Lot Essay
A pioneer of British Art, Matthew Smith was deemed both the ‘English Fauvist’ and a modernist portraitist. Connie Martin exemplifies Smith’s arresting use of colour and his manipulation of traditional compositions.
The influence of Fauvism is most prominent in Smith’s early works. The quick application of paint and the separation of pure colours on the canvas coincided with the young artist’s belief that colour and form were of equal importance, and this rejection of traditional ideals appealed to Smith. In resistance to the academic institutions that had prioritised technicality over expression, Smith moved to Paris in 1911 to study at the Atelier Matisse. His work flourished amidst the exhilarating release from confinement and the immersion in new influences. ‘Non-finito’ works, for example, exposed the elementary workings of Smith’s processes; large swathes of the canvas could remain bare and untouched while the work functioned as a cohesive whole regardless. For Smith, “the gravest immorality [was] to try to finish what isn’t well begun. But a picture that is well begun may be left off at any point.” The artistic freedom that Paris allowed for was fundamental in the progression of his Fauvist period.
Whilst in Paris, Matthew Smith frequented the home of Modernist art collectors Gertrude and Leo Stein. His life here was permeated with the influences of the people he met, and of other great works; those of Matisse, Vuillard, Cézanne, Bonnard, Van Gogh and Van Dongen had a clear impact on the nature of his work, and his access to modern artistic trends would have significantly outweighed that of his English contemporaries. The outbreak of the First World War saw Smith return to London where he took a studio on Fitzroy Street in Camden and, with the influences of Paris fresh in his mind, he produced some of his most significant portraits, including ‘Fitzroy Street Nude (I)’ (Tate) and ‘Fitzroy Street Nude (II)’ (British Council) It is in this period of his life that the current lot, Connie Martin, was executed.
This period of Smith’s oeuvre stood in stark contrast to the backdrop of London’s artistic output at the time. Broad areas of powerful colour in Smith’s work celebrated the flatness of the painted surface, whilst line was now employed in his portraits as much as tone. Smith would mark the main composition using a thin paint and later apply the colour to the form. In this way, he had moved on from the rapid and energetic application of paint that he had learnt from the Fauves, yet couldn’t quite be neatly placed within the category of the Colourists. “They all praise the colour, you know, but there is something else, I think”.

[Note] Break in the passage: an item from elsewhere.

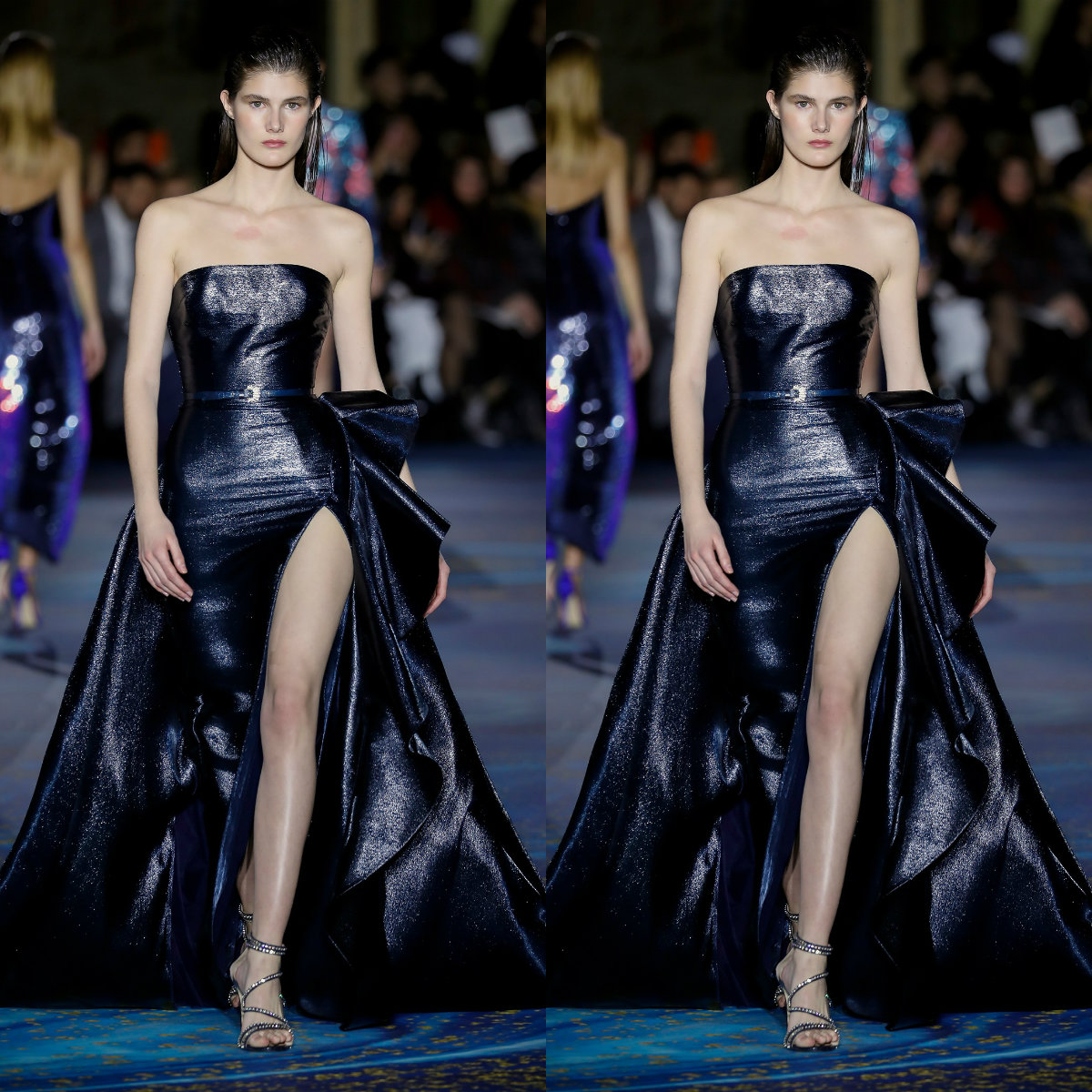 Zuhair Murad Strapless Prom Dresses Thigh High Slits Ruffles Designer Evening Gowns Luxury Formal Party Dresses robes de soirée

It is, however, in the abrupt and powerful use of colour that parallels between Smith and Matisse are most easily drawn. Matisse’s La Raie Verte (National Gallery of Denmark, Copenhagen) is an iconic portrait of the artist’s wife with a green band marking the centre of her face. The work scandalised critics when exhibited at the Salon d’Automne in 1905. Connie Martin subverts the accepted roles of colours in portraits in a very similar way. The green, however, that falls across Madame Matisse’s face might principally read as the decomposition of light into its constituent colouristic elements, a distinguished technique of the colourists, yet in Smith’s work its function is alongside the ‘something else’ that he had referred to.